Beefy Boxes and Bandwidth Generously Provided by pair Networks
Think about Loose Coupling

Comparing Values PER Sub-folder

by omegaweaponZ (Beadle)
on Sep 04, 2012 at 20:34 UTC ( #991686=perlquestion: print w/replies, xml ) Need Help??
omegaweaponZ has asked for the wisdom of the Perl Monks concerning the following question:

Hi all, need some thoughts on this. I am looking to compare and contrast the number of file lines PER folder in each sub-directory on a given base directory. The compare and contrast method is easy enough handled by Tie::File, but how can I loop through each file to only compare it to EACH file in an entire single sub-directory set?
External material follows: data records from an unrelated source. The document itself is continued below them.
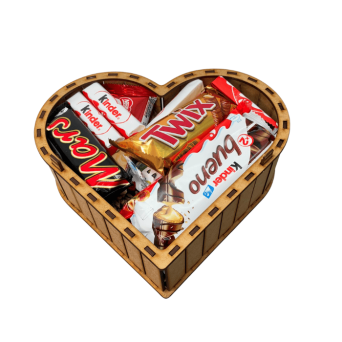 caja mama madera azul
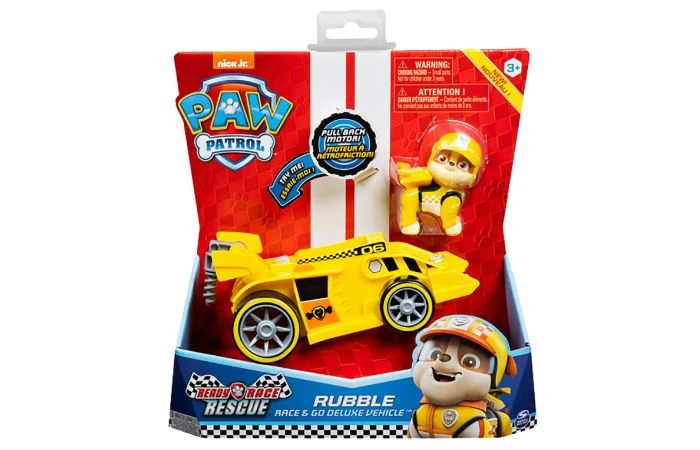 Paw Patrol Race Rescue Themed Vehicles Rubble 6 Paw Patrol Race Rescue Themed Vehicles Rubble - Afbeelding 4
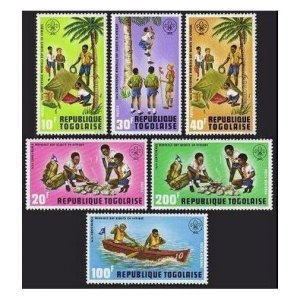 Togo 838-841,C198-C199,C199a,MNH. Scout World Conference,1973.Pitching,Campfire,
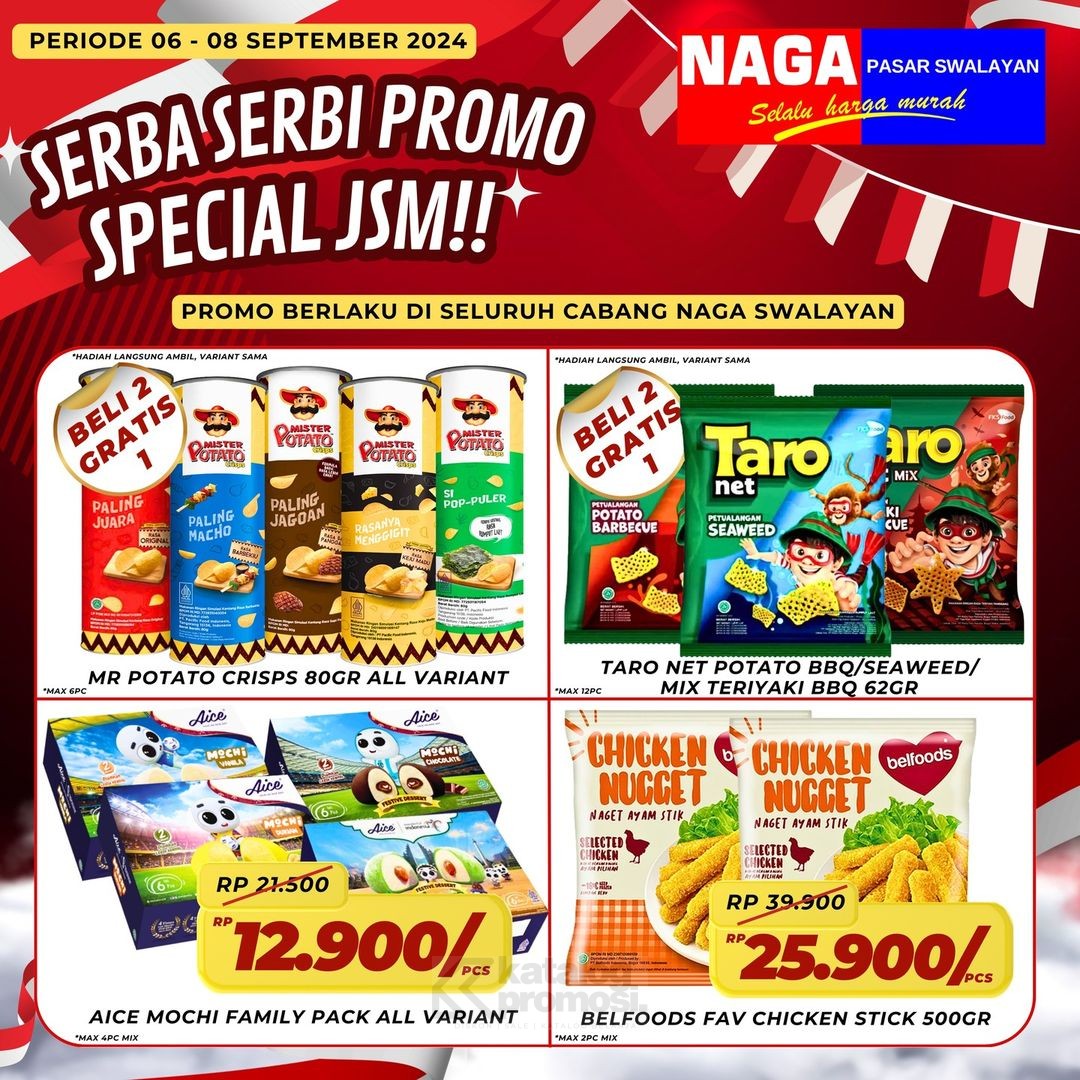 Promo JSM Naga Swalayan Weekend 06-08 SEPTEMBER 2024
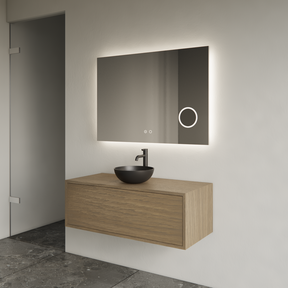 Gliss Joa Badkamermeubel met Topblad 90cm Ash Gray 1 softclose lade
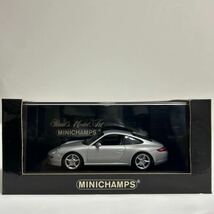 MINICHAMPS 1/43 PORSCHE 911 Carrera 4 Silver 2005 ミニチャンプス ポルシェ カレラ シルバー 997 ミニカー モデルカー_画像7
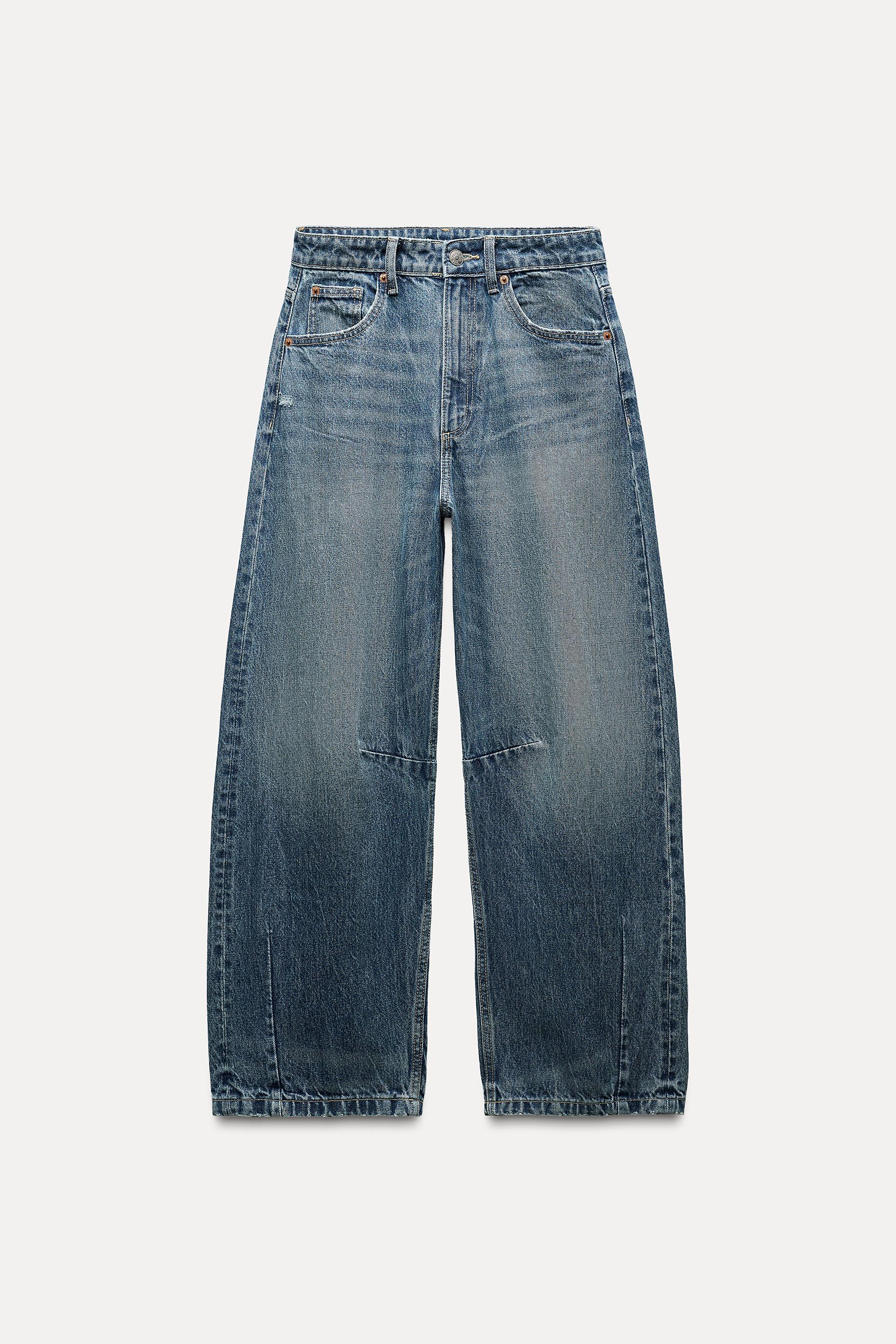 TRF MID WAIST BAGGY BALLOON JEANS by ZARA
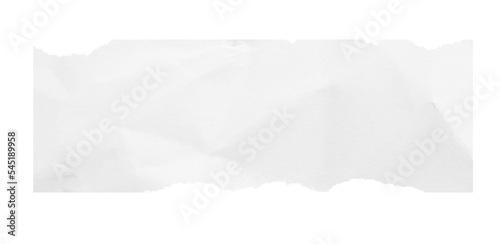 White crumpled and torn sheet of paper. Paper text background. Pink decorative paper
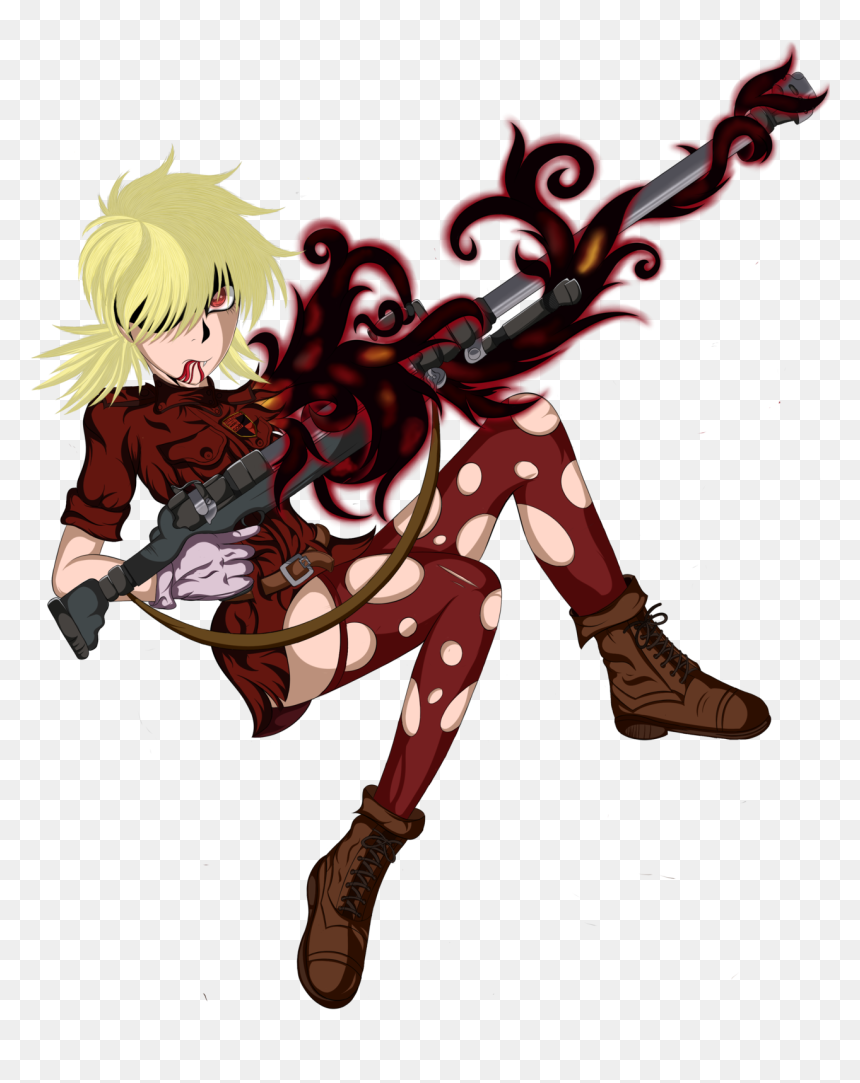 Alucard Drawing Kiss - Seras Victoria, HD Png Download - alucard png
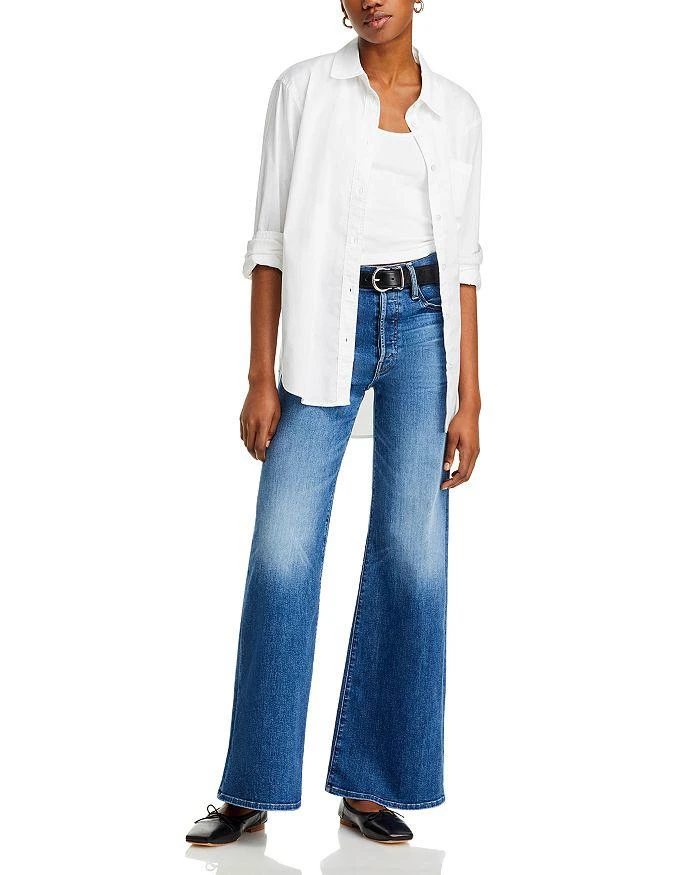 MOTHER The Tomcat Roller Sneak High Rise Wide Leg Jeans in Sixth Sense 2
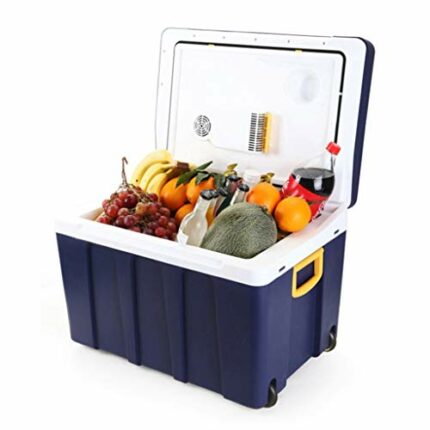 Mu Portable 50L Mini Fridge Cooler and Warmer—Blue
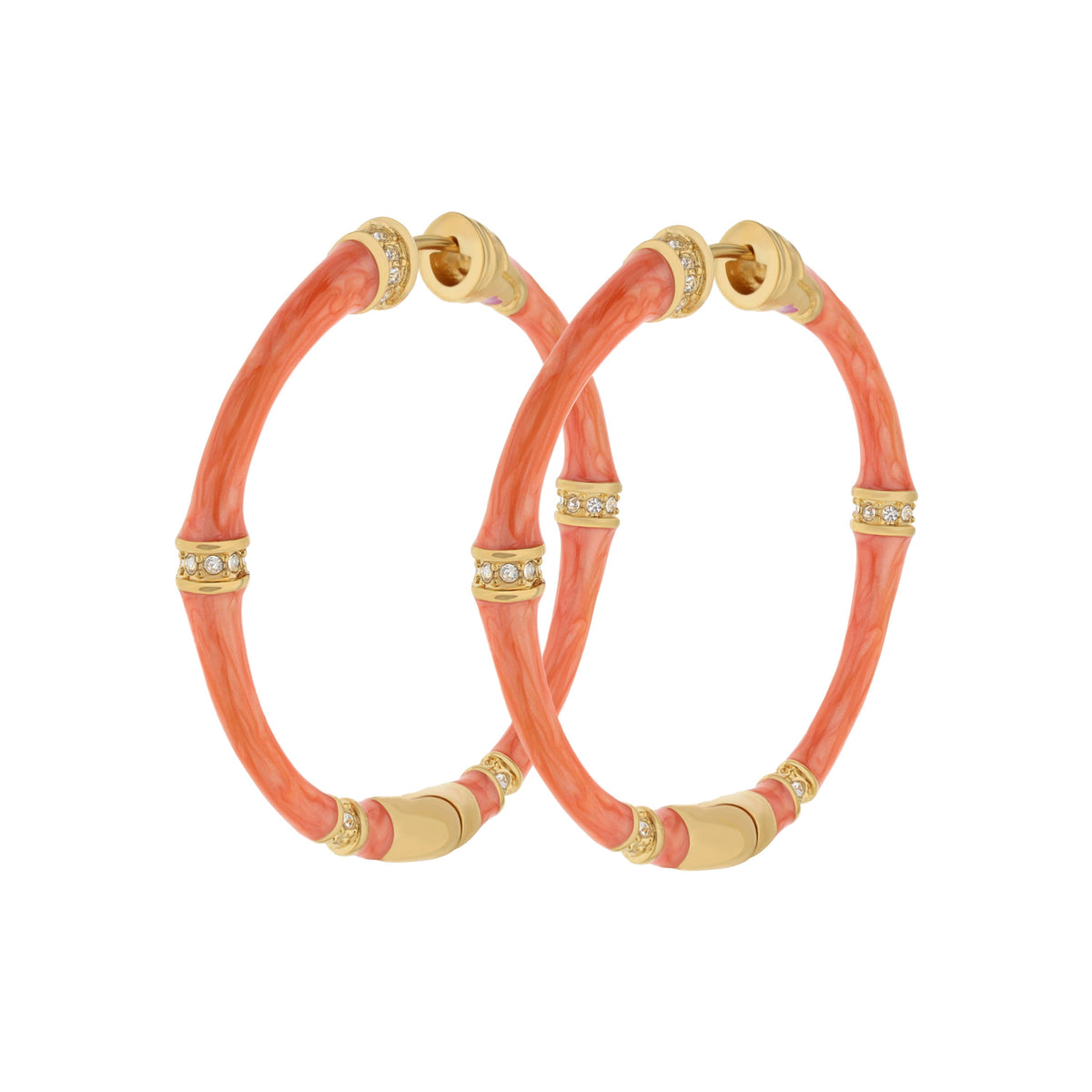 Bamboo Earrings — Hoop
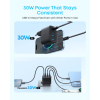 Зарядний пристрій Anker 2xUSB-C + 2xUSB 50W black (A121EG11)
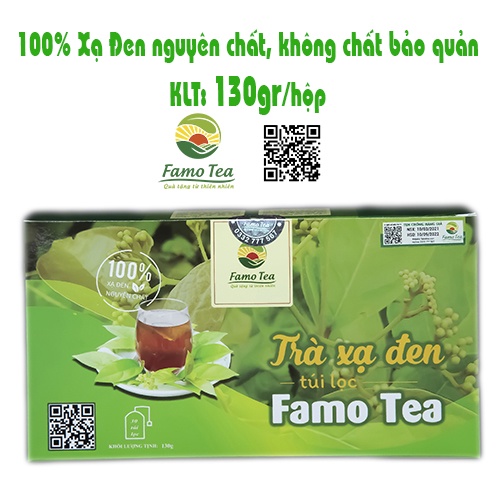 Trà Thảo mộc Xạ Đen FamoTea túi lọc (Hỗ trợ Gan,Giảm men gan,Giảm Mỡ trong Gan,Thải độc,phòng ngừa các bệnh về Gan)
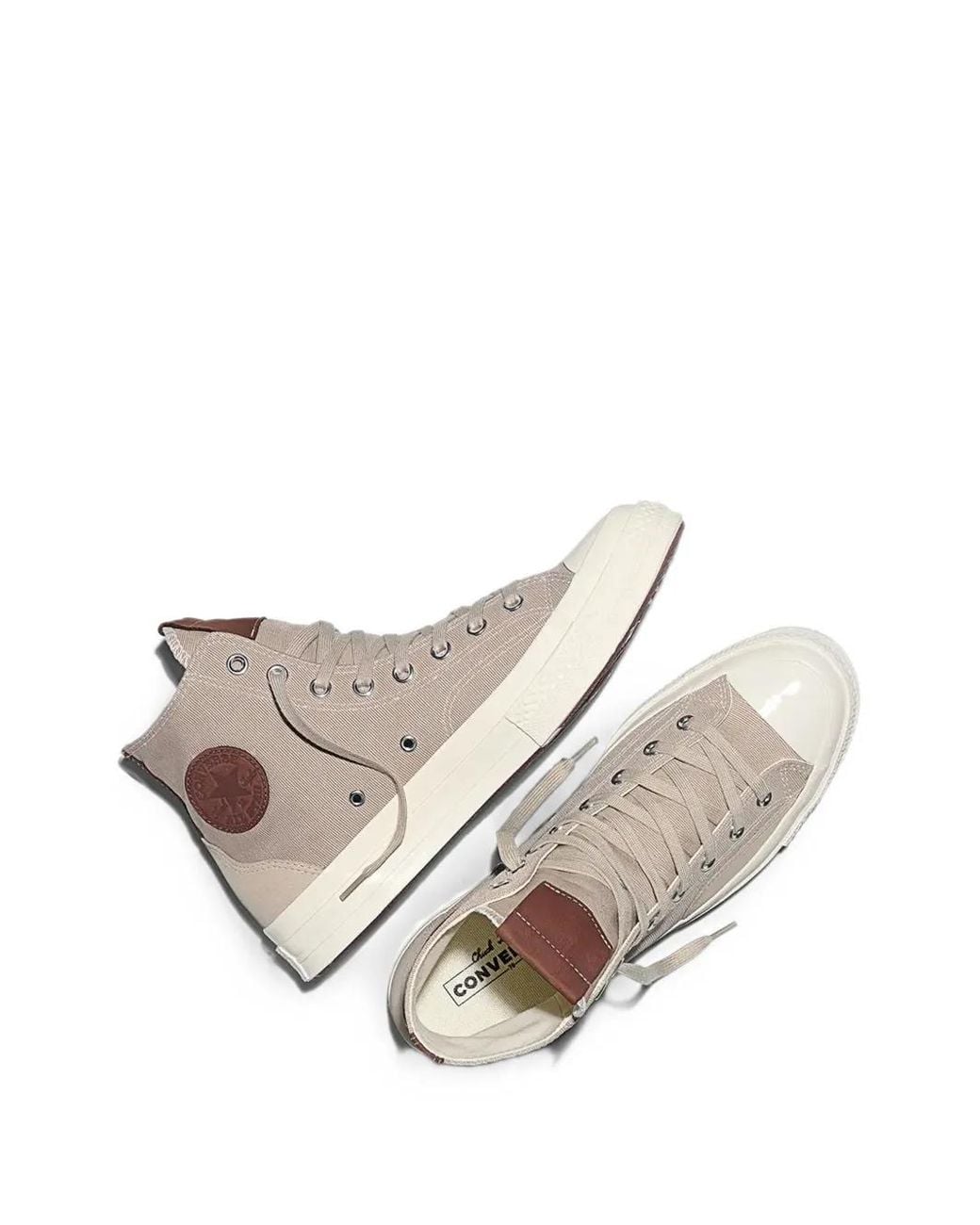 Converse White Baskets Montantes Chuck 70 En Denim for men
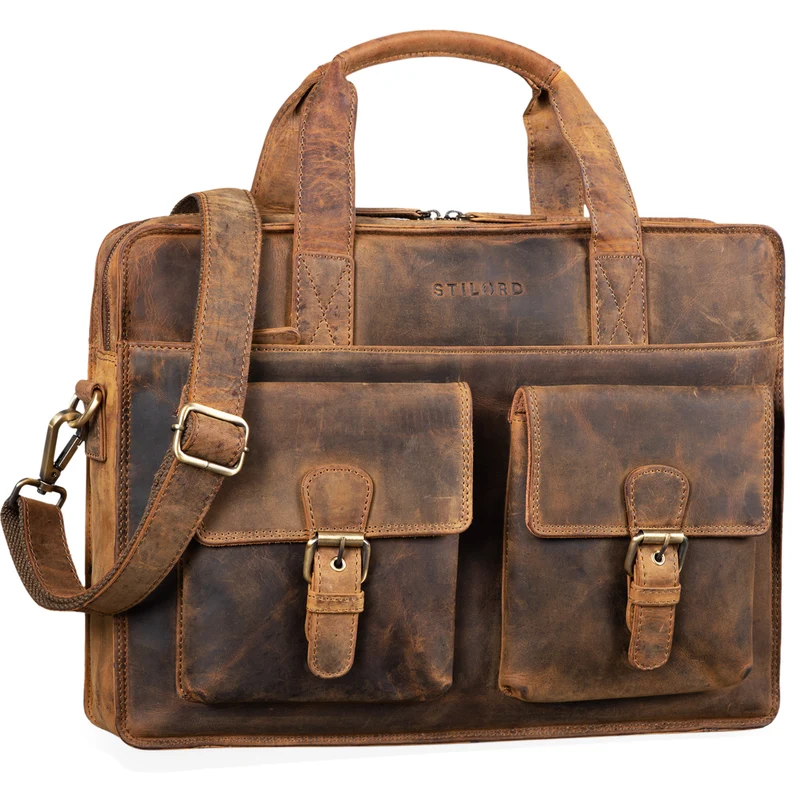 "Augustus" Businesstasche Leder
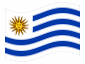 Bandeira animada Uruguai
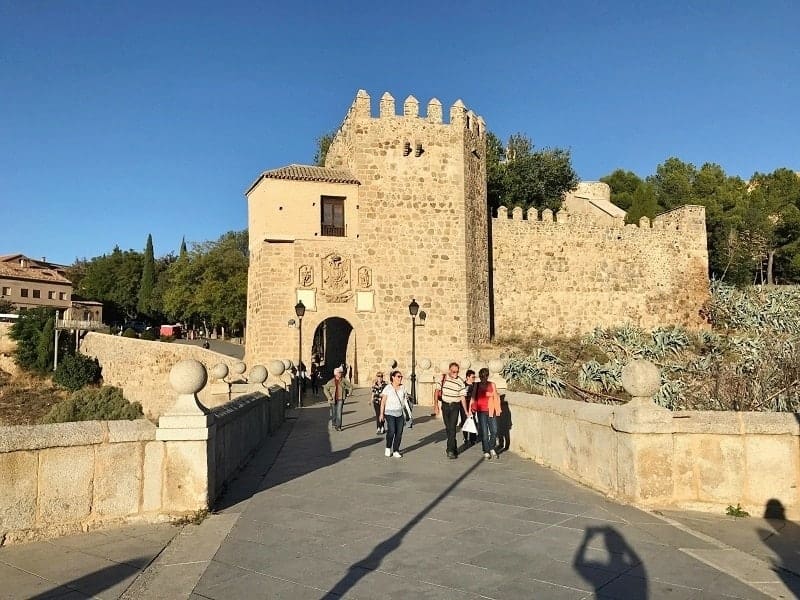 Bridge of San Martin and Tajo River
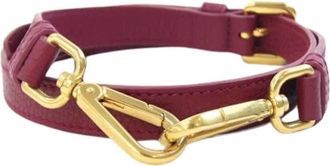 Prada Pre-owned Strap - Dames - Vintage Accessoires - Rood - ONE Size - Leer - Vintage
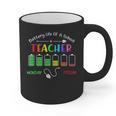 Battery Life Of A School Teacher Monday To Friday For Men Women Graphic Print Coffee Mug, trending gift Battery Life Of A School Teacher Monday To Friday For Men Women Graphic Print Coffee Mug, trending gift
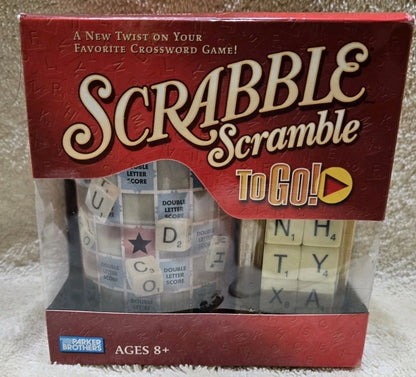 PARKER BROTHERS SCRABBLE TO GO ! NEW TWIST ON YOUR FAVORITE CROSSWORD GAME 2006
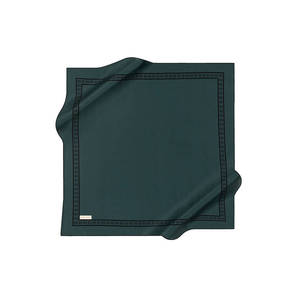 Polyester Floral Fashion Scarf <b>Green</b> <b>Silk</b> Square Border Pattern for Winter and Summer - Product Image 1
For example:

A) Master Directory
AA) Subfolder 1
1) Sub Folder A
2) Sub Folder B
3) Sub Folder C
BB) Subfolder 2
1) Sub Folder A
2) Sub Folder B
3) Sub Folder C

I want to compare the lines of all files that end in a given extension (like .txt) in each sub folder A-C for each AA or BB subfolder ONLY. So if AA Subfolder 1 has 4 lines of text in each file per each sub-folder there, it is seperated from BB's subfolder comparision.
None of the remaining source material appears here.